One Text, Different Interpretive Lenses
To understand the ICJ’s method of interpretation, it is useful to begin with how some of the involved States argued in the written proceedings, either to indirectly avoid or to allocate responsibility. Ronald Dworkin famously said, in his book Law’s Empire, that any legal interpretation must meet the double test of fit and justification. In this context, fit means straightforward textual support—does the reading actually map onto the legal materials under scrutiny? Justification means the principled rationale for preferring one permissible reading over another: the reading must show the law as a coherent scheme of principles (e.g., equal concern and respect, fairness, non-arbitrariness, protection of rights, and integrity) rather than as a patchwork of ad hoc decisions.
Used as a heuristic rather than a rigid dichotomy, this distinction helps to read, for example, the written statements of the United States, the European Union (EU), and Vanuatu. They, arguably, line up along a spectrum of justification: at one end, consent-first positions justify their readings by pointing to explicit acceptance and minimal extension beyond the text; at the other, coherence-first positions justify them by showing how rules and principles hang together as a consistent whole that treats like cases alike and expresses the community’s rights-based commitments. Differences in which materials are brought into view—and how they are read—thus reflect, even if not always made explicit, how each party justifies its interpretation in terms of principle.
The United States adopted the consent-first view. Climate law, it argued, is basically comprised of the Paris Agreement, “the clearest expression of States’ consent.” Obligations are procedural. There is no free-standing due diligence or human rights duty, and any putative custom is satisfied once a State follows the Paris Agreement.

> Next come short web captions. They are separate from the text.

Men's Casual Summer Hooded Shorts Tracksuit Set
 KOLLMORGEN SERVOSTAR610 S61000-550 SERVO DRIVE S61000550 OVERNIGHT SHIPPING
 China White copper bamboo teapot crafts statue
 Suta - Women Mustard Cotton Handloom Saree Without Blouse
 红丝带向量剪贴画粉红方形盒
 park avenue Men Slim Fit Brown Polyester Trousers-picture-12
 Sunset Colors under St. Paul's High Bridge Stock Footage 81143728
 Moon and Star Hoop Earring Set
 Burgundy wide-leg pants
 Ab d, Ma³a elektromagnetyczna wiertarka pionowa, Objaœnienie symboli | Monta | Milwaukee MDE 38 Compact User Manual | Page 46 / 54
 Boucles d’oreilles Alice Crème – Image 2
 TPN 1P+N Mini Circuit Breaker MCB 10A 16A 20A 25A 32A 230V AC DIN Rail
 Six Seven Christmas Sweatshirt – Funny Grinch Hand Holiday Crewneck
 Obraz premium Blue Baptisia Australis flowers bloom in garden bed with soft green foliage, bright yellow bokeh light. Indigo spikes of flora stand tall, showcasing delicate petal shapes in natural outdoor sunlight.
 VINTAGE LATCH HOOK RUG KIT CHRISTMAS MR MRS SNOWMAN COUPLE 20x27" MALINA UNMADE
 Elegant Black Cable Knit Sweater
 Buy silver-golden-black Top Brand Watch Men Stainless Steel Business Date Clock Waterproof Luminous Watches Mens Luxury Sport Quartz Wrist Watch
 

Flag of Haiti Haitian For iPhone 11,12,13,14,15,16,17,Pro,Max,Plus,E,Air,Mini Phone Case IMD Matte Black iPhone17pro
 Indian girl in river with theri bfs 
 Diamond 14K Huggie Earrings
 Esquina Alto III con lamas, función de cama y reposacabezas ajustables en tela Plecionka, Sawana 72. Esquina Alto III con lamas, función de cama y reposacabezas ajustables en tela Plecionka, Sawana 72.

Vanuatu was at the opposite end of the spectrum, adopting the coherence-first view. Invoking no-harm, equity, and precaution alongside the treaty text, it asked the ICJ to craft a single, normatively coherent rule-set, concluding, for example, that fossil-fuel subsidies cannot be squared with existing obligations.
Everyone else sat at or between those poles. The decisive variable was how far each brief let principles and other duties reshape the interpretation of rules. Saudi Arabia and China stayed close to the U.S. line but selectively invoked the principle of Common But Differentiated Responsibilities and Respective Capabilities (CBDR-RC) and sustainable development while avoiding no-harm. The EU leaned toward Vanuatu, yet softened CBDR-RC and stressed party consent when it came to remedies, hoping to keep classic “full reparation” rules at bay. The other statements can be read along the same lines.
Across the spectrum, all sides could thus claim textual “fit”; what changed was, basically, the weight granted to e.g., no-harm, equity, and CBDR-RC, i.e. how their textual readings were justified in the legal framework. Even when not stated outright, this difference in weighting operated — using the substantive/methodological distinction — on the methodological level: it can be reconstructed as divergent readings of the interpretation rules in articles 31–33 in the Vienna Convention on the Law of Treaties (VCLT) and corresponding customary rules of interpretation. Depending on the justificatory starting point – consent-first or coherence-first – different VCLT components take centre stage (e.g., ordinary meaning versus context and object-and-purpose, the force of subsequent agreement/practice, and which relevant rules are pulled into the frame).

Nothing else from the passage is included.